「お、お嬢様~待ってください~」
ぜいぜいと息を切らせるルカに、フェリチータは呆れたように小さく息を吐いた。
「ルカ、体力なさすぎ。ほら、もう少しだから頑張って」
「は、はい……」
「やっぱりその籠、私が持とうか?」
「いいえ。それだけは従者としても男としても譲れません!」
今日のランチとドルチェが入った籠を見ると、ぶんぶんと激しく拒絶された。
アルカナ・デュエロ、そしてヴァスチェロ・ファンタズマでの出来事後、ようやく取れた休日にフェリチータは二人である場所へ行きたがった。
「ふ~……ようやく着きましたね」
坂を登り切り疲労感を滲ませるルカに、フェリチータは笑みを浮かべ空を見上げた。
ふきつける風がうっすら浮かんだ汗を冷やして気持ちがいい。
「それにしてもどうしてこんなところへ?」
「ルカの体力アップのため」
「え……!?」
確かに『ヴァスチェロ・ファンタズマ』では体力のなさを露呈させ、ルカはがくりと肩を落とした。
「お嬢様……まだ怒っているんですね」
「あとはね、リベルタに教えてもらったの。ここなら街を一望できるって」
フェリチータに嬉しそうに促され、隣りに立つ。
かなりの高地で周りに眺望を邪魔するものもなく、レガーロ島全体が見渡せた。
「綺麗だね」
「はい」
16歳までは『運命の輪』を無意識に使うことを恐れた両親によって、島の片隅の小さな家でスミレとルカの三人だけで暮らしていたフェリチータ。
そんな彼女が今、こうして広い世界を体感している。
その事実がとても嬉しかった。
「さあ、お嬢様。ランチにしましょう」
「わあ、美味しそう!」
「ふふ。食後にはお嬢様のお好きなリモーネパイもありますよ」
「……違う」
「はい?」
ムッと下から睨まれて一瞬うろたえるも、すぐに彼女が何を不満に思っているかに気づき、ルカは微笑みお茶を差し出した。
「どうぞ、フェリチータ」
名前で呼ぶと、ふわりと広がる笑顔。
アルカナ・デュエロを経て変わった関係のおかげで、ルカはこうして彼女を名で呼ぶことが許された。
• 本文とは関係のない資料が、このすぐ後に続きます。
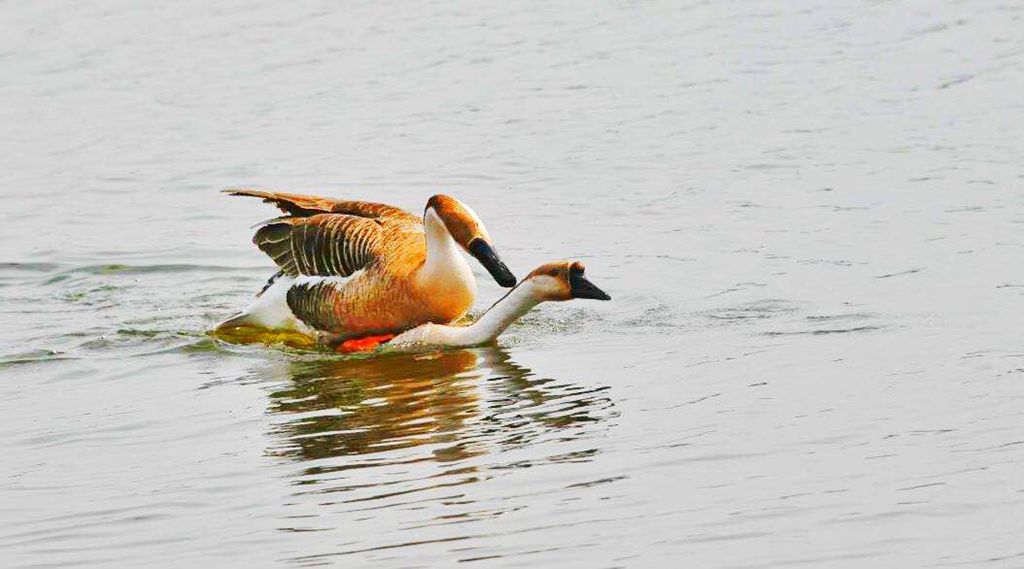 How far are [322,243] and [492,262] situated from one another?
139cm

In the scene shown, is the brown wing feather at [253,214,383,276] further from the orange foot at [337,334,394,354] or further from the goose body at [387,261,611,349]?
the goose body at [387,261,611,349]

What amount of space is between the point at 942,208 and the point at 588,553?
754 cm

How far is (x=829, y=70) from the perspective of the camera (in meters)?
18.2

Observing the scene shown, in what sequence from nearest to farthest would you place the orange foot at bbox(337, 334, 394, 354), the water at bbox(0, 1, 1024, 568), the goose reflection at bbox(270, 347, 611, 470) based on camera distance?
1. the water at bbox(0, 1, 1024, 568)
2. the goose reflection at bbox(270, 347, 611, 470)
3. the orange foot at bbox(337, 334, 394, 354)

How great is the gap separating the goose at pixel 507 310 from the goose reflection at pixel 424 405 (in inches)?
4.0

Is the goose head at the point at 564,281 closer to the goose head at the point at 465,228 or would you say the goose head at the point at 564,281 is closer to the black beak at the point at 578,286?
the black beak at the point at 578,286

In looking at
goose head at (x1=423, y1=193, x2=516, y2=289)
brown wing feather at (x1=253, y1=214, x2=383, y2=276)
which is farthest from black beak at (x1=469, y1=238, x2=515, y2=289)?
brown wing feather at (x1=253, y1=214, x2=383, y2=276)

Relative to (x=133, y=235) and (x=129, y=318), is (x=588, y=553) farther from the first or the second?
(x=133, y=235)

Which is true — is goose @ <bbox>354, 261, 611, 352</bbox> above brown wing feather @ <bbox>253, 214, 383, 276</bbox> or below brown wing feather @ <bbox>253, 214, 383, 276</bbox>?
below

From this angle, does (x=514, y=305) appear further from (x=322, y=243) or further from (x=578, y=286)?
(x=322, y=243)

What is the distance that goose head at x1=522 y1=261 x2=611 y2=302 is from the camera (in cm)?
1039

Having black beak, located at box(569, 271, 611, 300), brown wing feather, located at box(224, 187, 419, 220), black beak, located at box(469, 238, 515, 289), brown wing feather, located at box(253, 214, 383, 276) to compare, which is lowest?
black beak, located at box(569, 271, 611, 300)

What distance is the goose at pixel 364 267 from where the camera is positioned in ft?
34.8

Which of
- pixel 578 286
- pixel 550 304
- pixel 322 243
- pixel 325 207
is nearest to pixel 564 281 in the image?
pixel 578 286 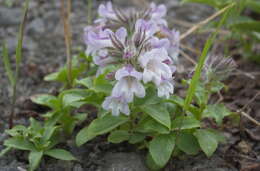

今までは従者としてはっきりと線引きをしていたため、自分の恋心にさえ目を背けていたルカにはこの上ない幸福だった。
「食べたら少し特訓しよう?」
「ええっ!? ここで、ですか?」
「うん」
にこりと微笑まれたら嫌と言えるはずもない。
何より、それはルカを想っての提案なのだから。
「わかりました。それではシエスタの後にしましょうか。食後すぐに動くのはあまり良くありませんからね」
「うん」
素直に頷いてくれるところは幼少の頃と変わりなく、パニーニをほうばる姿に微笑みが浮かぶ。
「ルカは本当に料理が上手だよね。今度また教えてくれる?」
「もちろんです。そうですね……何がいいでしょう。フェリチータは手際が良いのできっと何でもすぐ覚えられますよ」
「そうかな」
自分自身甘いものが好きなのでドルチェは良く作っているが、料理はついついルカに任せてばかりだった。
「……もちろん、最初の味見は私に許してくれるのでしょう?」
「うん」
フェリチータが料理を作りたいのはルカに食べさせたいから。
だから迷うことなく頷くと、ルカは本当に幸せそうに微笑んだ。